(Input data)

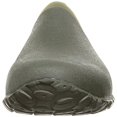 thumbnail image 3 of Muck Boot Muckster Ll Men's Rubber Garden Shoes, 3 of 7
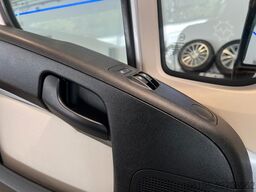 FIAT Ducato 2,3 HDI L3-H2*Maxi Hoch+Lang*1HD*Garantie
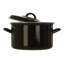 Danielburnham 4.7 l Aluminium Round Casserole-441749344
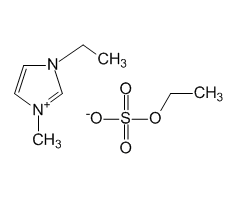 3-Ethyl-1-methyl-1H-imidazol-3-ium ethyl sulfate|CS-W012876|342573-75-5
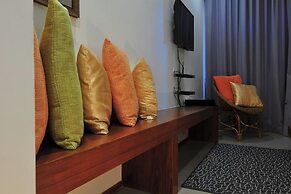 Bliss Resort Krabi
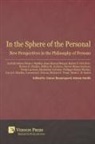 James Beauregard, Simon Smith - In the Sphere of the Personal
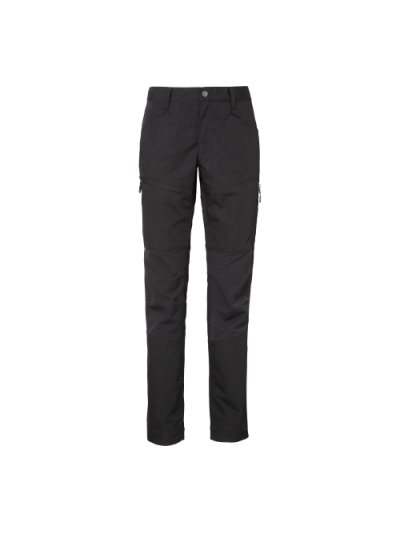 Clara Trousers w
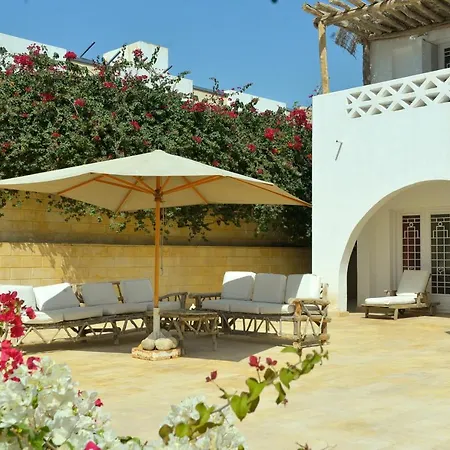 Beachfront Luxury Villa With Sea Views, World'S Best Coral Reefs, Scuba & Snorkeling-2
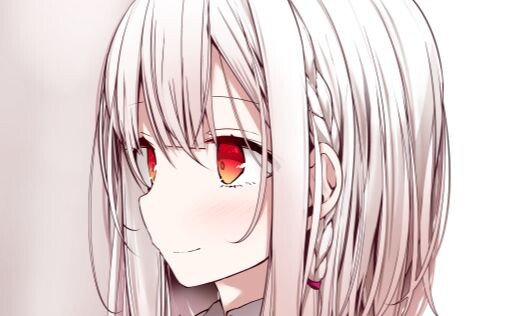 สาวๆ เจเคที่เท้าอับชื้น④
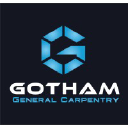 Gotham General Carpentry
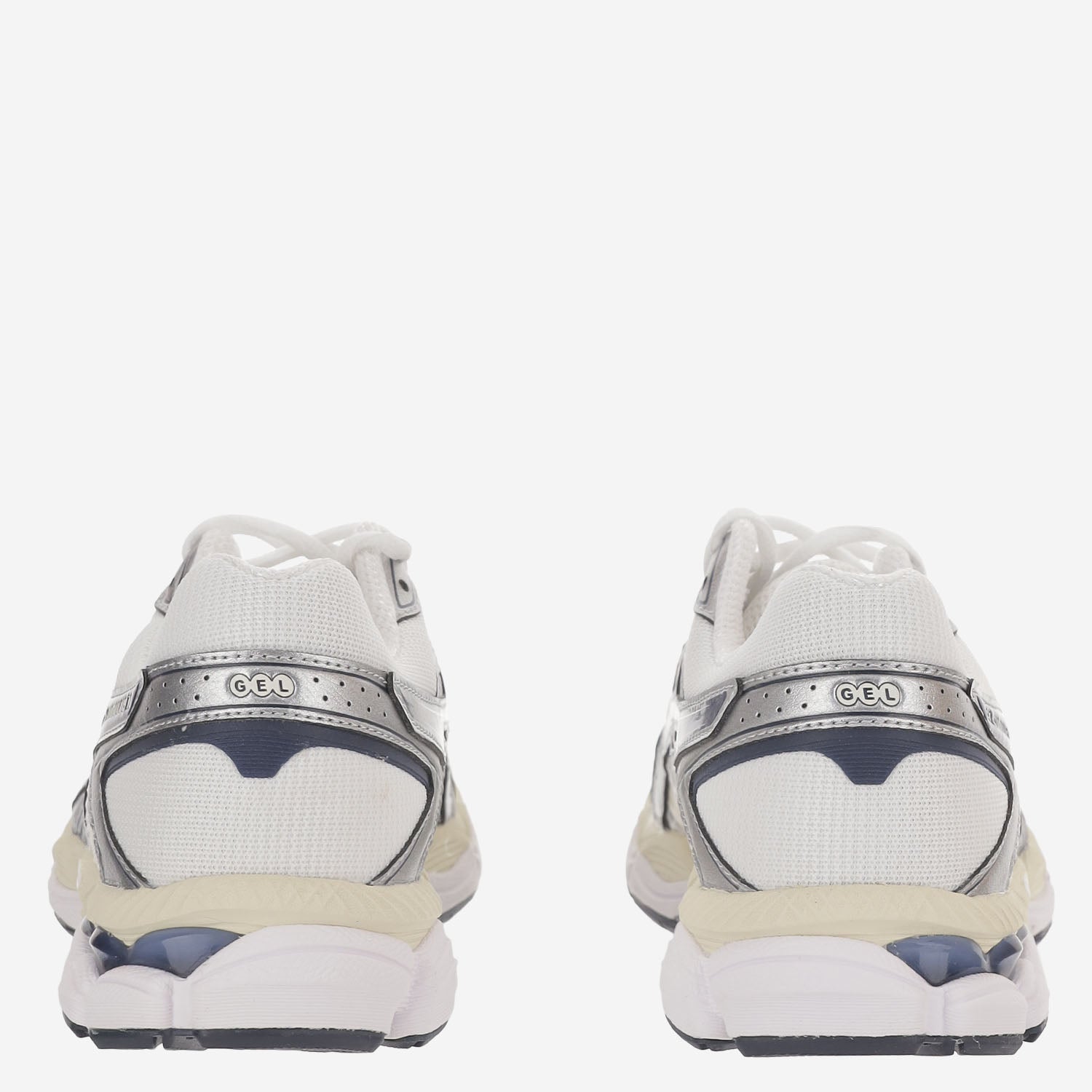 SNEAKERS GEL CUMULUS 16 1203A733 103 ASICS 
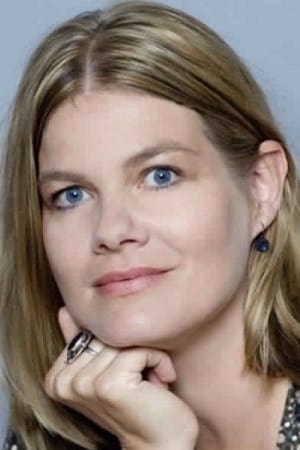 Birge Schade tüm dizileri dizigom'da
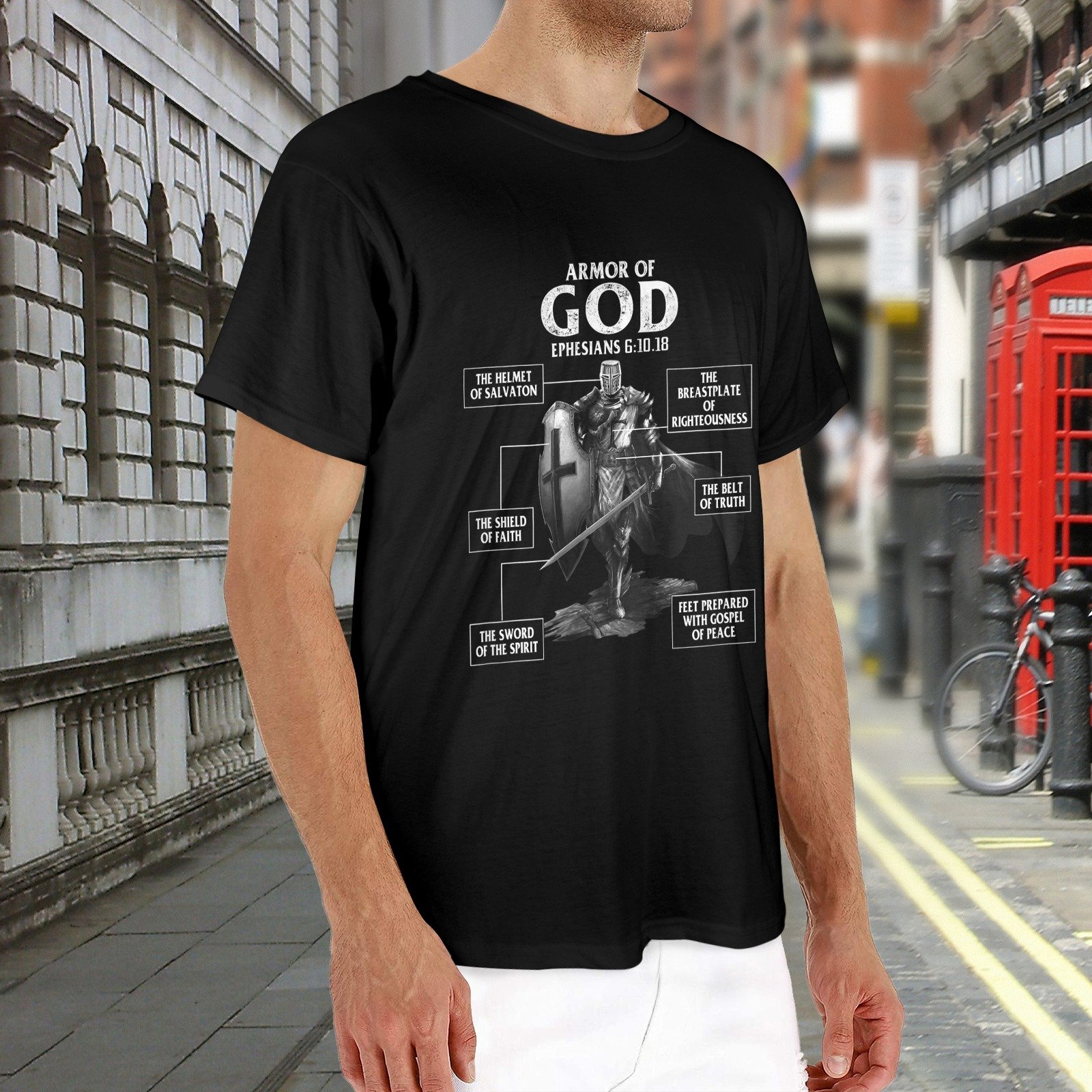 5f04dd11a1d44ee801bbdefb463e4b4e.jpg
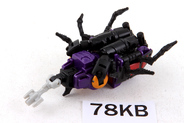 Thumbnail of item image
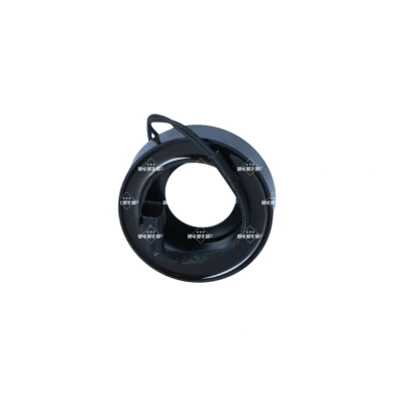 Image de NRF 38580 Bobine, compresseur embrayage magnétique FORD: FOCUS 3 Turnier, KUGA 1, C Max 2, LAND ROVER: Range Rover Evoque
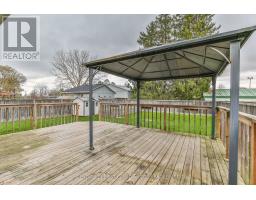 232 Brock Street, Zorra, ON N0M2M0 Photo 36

(End Input data)
(Input data)

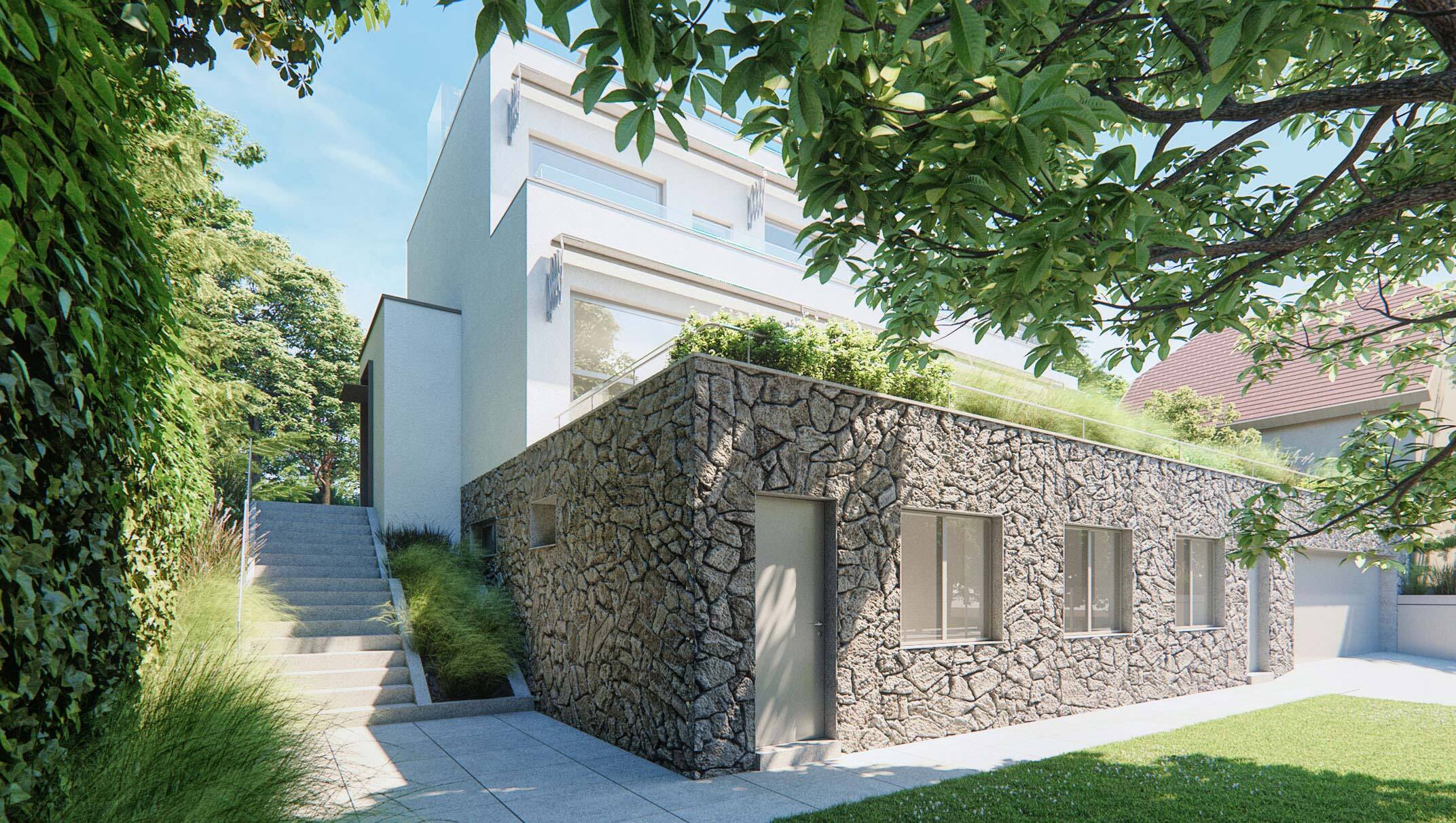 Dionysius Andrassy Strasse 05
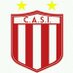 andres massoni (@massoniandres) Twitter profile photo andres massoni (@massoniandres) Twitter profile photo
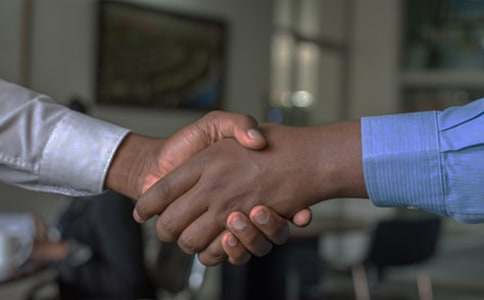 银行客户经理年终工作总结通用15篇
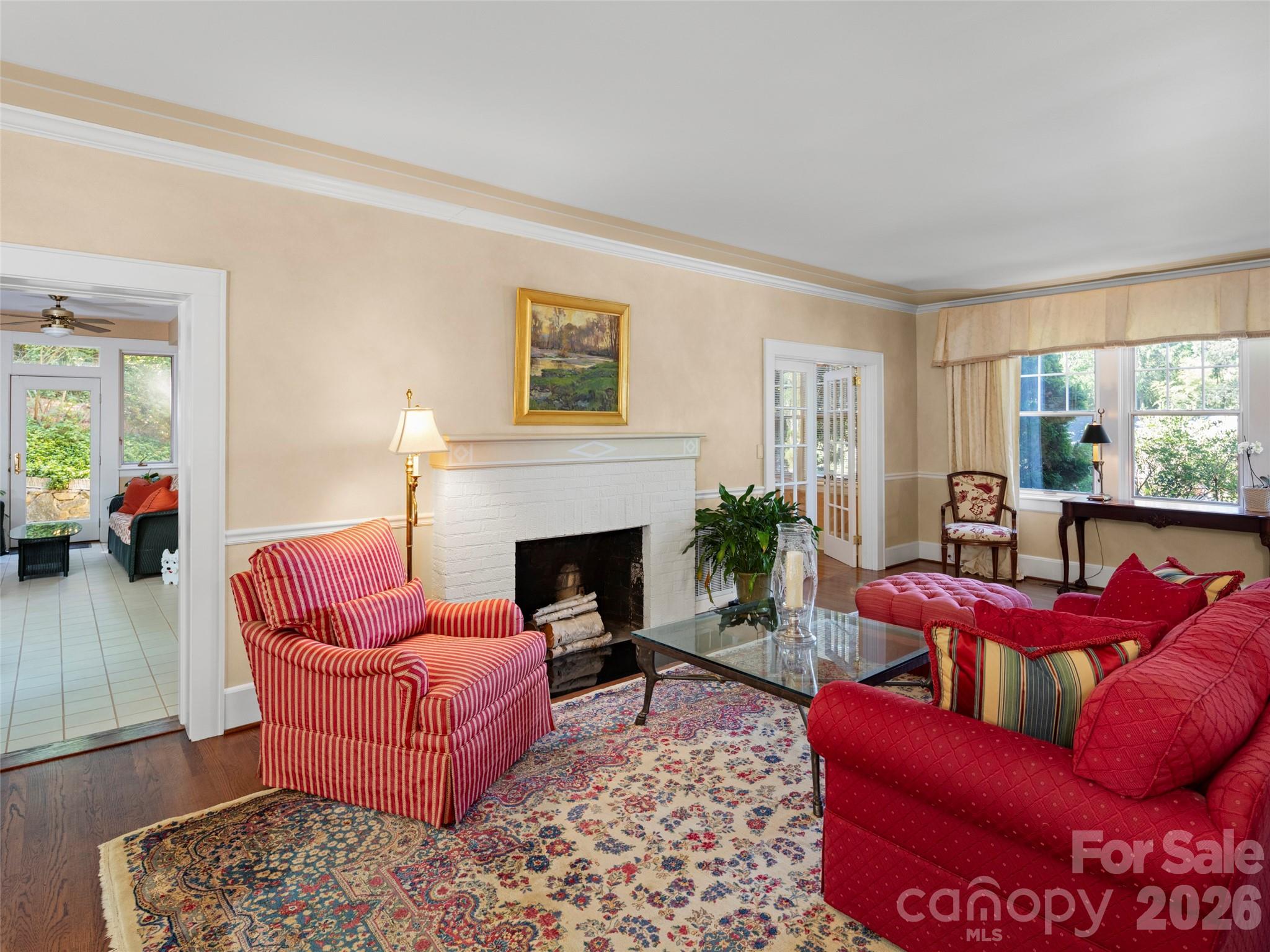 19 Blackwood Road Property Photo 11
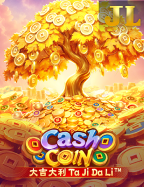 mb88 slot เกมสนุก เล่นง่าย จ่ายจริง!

(End Input data)
(Input data)

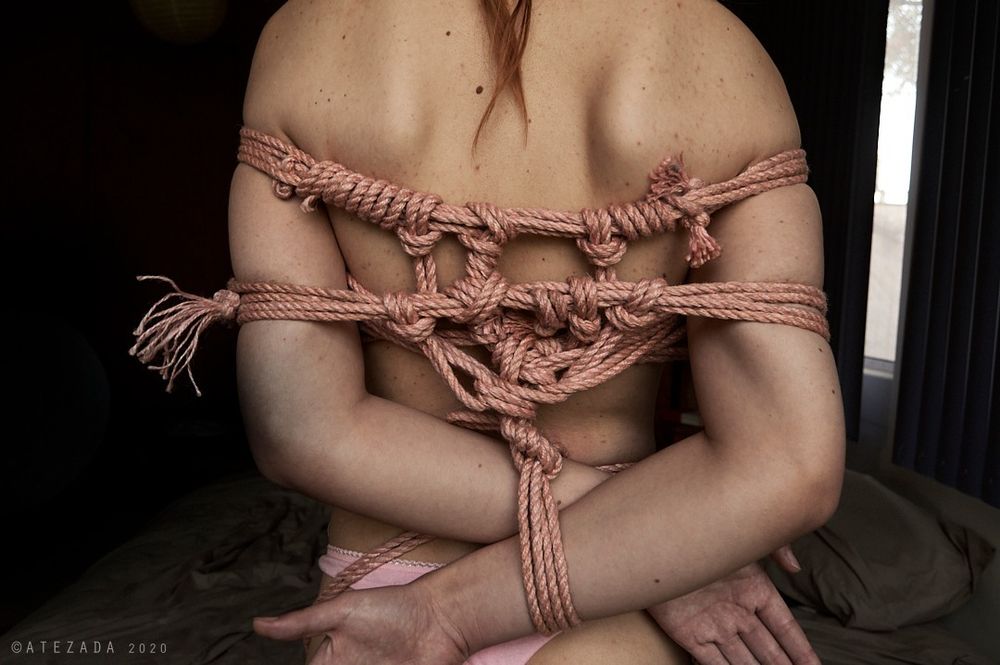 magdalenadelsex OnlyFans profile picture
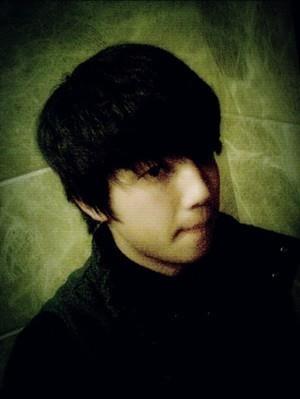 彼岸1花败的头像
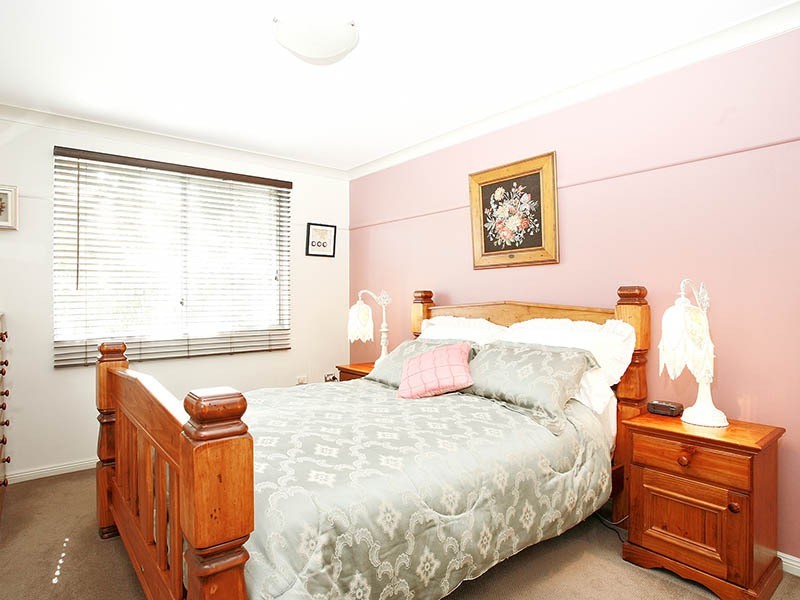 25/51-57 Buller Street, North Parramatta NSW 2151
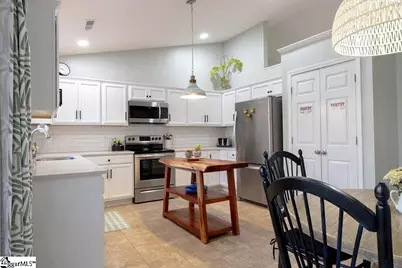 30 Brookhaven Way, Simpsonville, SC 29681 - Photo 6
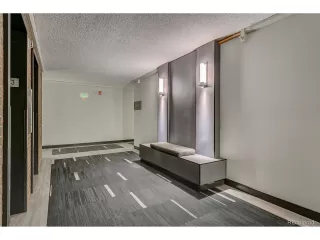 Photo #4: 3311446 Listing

(End Input data)

## Work item
Exactly reproduce the lines above, starting at the one that contains "5f04dd11a1d44ee801bbdefb463e4b4e.jpg" and ending at the one that contains "232 Brock Street, Zorra, ON N0M2M0 Photo 36", both inclusive; leave the pictures out and add no other lines.

## Solution for this task
 5f04dd11a1d44ee801bbdefb463e4b4e.jpg
 Thumbnail of item image
 Image de NRF 38580 Bobine, compresseur embrayage magnétique FORD: FOCUS 3 Turnier, KUGA 1, C Max 2, LAND ROVER: Range Rover Evoque
 232 Brock Street, Zorra, ON N0M2M0 Photo 36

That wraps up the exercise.